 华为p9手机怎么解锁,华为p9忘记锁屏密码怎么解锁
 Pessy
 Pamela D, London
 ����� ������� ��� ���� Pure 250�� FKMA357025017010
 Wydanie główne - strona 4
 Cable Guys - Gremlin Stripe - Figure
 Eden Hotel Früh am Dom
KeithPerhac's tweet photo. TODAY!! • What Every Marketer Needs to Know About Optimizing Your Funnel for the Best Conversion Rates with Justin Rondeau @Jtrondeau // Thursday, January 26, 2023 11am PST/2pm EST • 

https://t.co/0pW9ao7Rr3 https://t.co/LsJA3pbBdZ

--

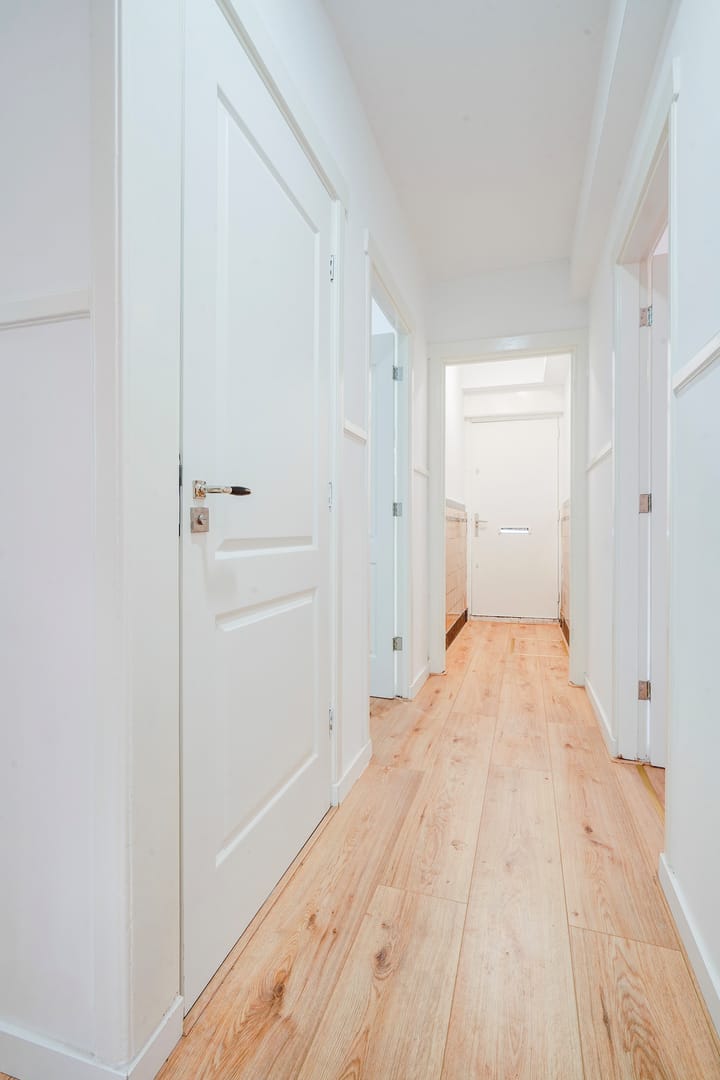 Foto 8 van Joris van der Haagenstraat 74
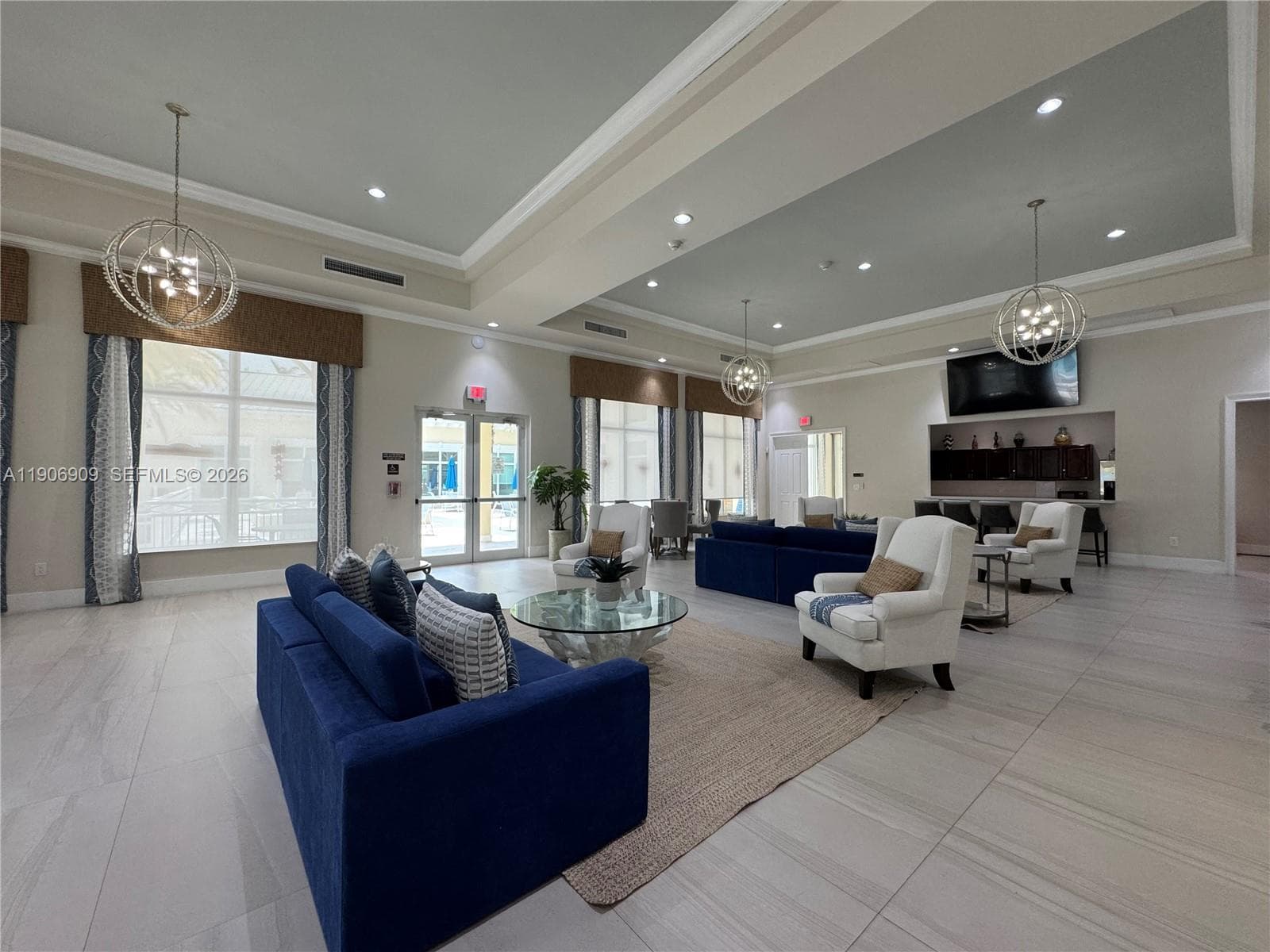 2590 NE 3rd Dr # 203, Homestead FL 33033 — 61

■ Task details ■
Return only the part of the records above that opens with the line containing "华为p9手机怎么解锁,华为p9忘记锁屏密码怎么解锁" and closes with the line containing "Eden Hotel Früh am Dom", ends included.

■ Task output ■
 华为p9手机怎么解锁,华为p9忘记锁屏密码怎么解锁
 Pessy
 Pamela D, London
 ����� ������� ��� ���� Pure 250�� FKMA357025017010
 Wydanie główne - strona 4
 Cable Guys - Gremlin Stripe - Figure
 Eden Hotel Früh am Dom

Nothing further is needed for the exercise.